1960 Democratic primary for Secretary of the Commonwealth
| Party |  | Candidate | Votes | % |
|---|---|---|---|---|
|  | Democratic | Kevin White | 203,292 | 39.44% |
|  | Democratic | Francis X. Ahearn | 188,275 | 36.52% |
|  | Democratic | Margaret McGovern | 123,907 | 24.04% |
|  | Write-in |  | 10 | 0.00% |

===General election===

Massachusetts Secretary of the Commonwealth Election, 1960
| Party |  | Candidate | Votes | % | ±% |
|---|---|---|---|---|---|
|  | Democratic | Kevin White | 1,206,844 | 52.02% |  |
|  | Republican | Edward Brooke | 1,095,054 | 47.21% |  |
|  | Socialist Workers | Fred M. Ingersoll | 11,046 | 0.48% |  |
|  | Prohibition | Julia Kohler | 6,827 | 0.29% |  |
|  | Write-in |  | 1 | 0.00% |  |

==Treasurer and Receiver-General==

Incumbent Treasurer and Receiver-General John Francis Kennedy did not run for re-election as he instead ran for Governor.

In the Democratic primary, John T. Driscoll defeated Patrick F. McDonough, John B. Kennedy, George F. Hurley, John M. Kennedy, and Robert J. Sullivan.

Walter J. Trybulski defeated Francis Andrew Walsh for the Republican nomination.
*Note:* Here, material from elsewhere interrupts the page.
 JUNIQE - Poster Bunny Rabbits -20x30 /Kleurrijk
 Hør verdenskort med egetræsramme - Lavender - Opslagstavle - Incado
Driscoll defeated Trybulski, Socialist Labor candidate Domenico DiGirolamo, and Prohibition candidate Warren Carberg in the general election.

===Democratic primary===
====Candidates====
- John T. Driscoll, State Representative
- George F. Hurley
- John B. Kennedy, Saugus Town Manager
- John M. Kennedy
- Patrick F. McDonough, member of the Boston City Council
- Robert J. Sullivan

====Results====

1960 Democratic primary for Treasurer and Receiver-General
| Party |  | Candidate | Votes | % |
|---|---|---|---|---|
|  | Democratic | John T. Driscoll | 204,299 | 39.36% |
|  | Democratic | Patrick F. McDonough | 99,899 | 19.25% |
|  | Democratic | John B. Kennedy | 83,799 | 16.14% |
|  | Democratic | George F. Hurley | 61,094 | 11.77% |
|  | Democratic | John M. Kennedy | 36,249 | 6.98% |
|  | Democratic | Robert J. Sullivan | 33,760 | 6.50% |
|  | Write-in |  | 3 | 0.00% |

===Republican primary===
====Candidates====
- Walter J. Trybulski, former Mayor of Chicopee
- Francis Andrew Walsh

====Results====

Massachusetts Treasurer and Receiver-General Republican Primary, 1960
| Party |  | Candidate | Votes | % |
|---|---|---|---|---|
|  | Republican | Walter J. Trybulski | 137,479 | 67.10% |
|  | Republican | Francis Andrew Walsh | 67,365 | 32.88% |
|  | Write-in |  | 58 | 0.02% |

===General election===

Massachusetts Treasurer and Receiver-General Election, 1960
| Party |  | Candidate | Votes | % | ±% |
|---|---|---|---|---|---|
|  | Democratic | John T. Driscoll | 1,338,202 | 58.14% |  |
|  | Republican | Walter J. Trybulski | 941,904 | 40.92% |  |
|  | Socialist Workers | Domenico DiGirolamo | 13,772 | 0.60% |  |
|  | Prohibition | Warren Carberg | 7,846 | 0.34% |  |
|  | Write-in |  | 3 | 0.00% |  |

==Auditor==

Incumbent Auditor Thomas J. Buckley defeated John Hynes in the Democratic primary and Republican Gardner Wardwell, Socialist Labor candidate Arne Sortell, and Prohibition candidate John B. Lauder in the general election.

===Democratic primary===
====Candidates====
- Thomas J. Buckley, incumbent Auditor
- John Hynes, mayor of Boston

====Results====

Massachusetts Auditor Democratic Primary, 1960
| Party |  | Candidate | Votes | % |
|---|---|---|---|---|
|  | Democratic | Thomas J. Buckley (incumbent) | 414,524 | 82.49% |
|  | Democratic | John Hynes | 88,013 | 17.51% |
|  | Write-in |  | 7 | 0.00% |

===General election===

Massachusetts Auditor Election, 1960
| Party |  | Candidate | Votes | % | ±% |
|---|---|---|---|---|---|
|  | Democratic | Thomas J. Buckley (incumbent) | 1,530,715 | 66.00% |  |
|  | Republican | Gardner Wardwell | 774,772 | 33.41% |  |
|  | Socialist Workers | Arne Sortell | 7,897 | 0.34% |  |
|  | Prohibition | John B. Lauder | 5,787 | 0.25% |  |
|  | Write-in |  | 2 | 0.00% |  |

==United States Senator==

Republican Leverett Saltonstall was re-elected over Democrat Thomas J. O'Connor, Socialist Labor candidate Lawrence Gilfedder, and Prohibition candidate Mark R. Shaw.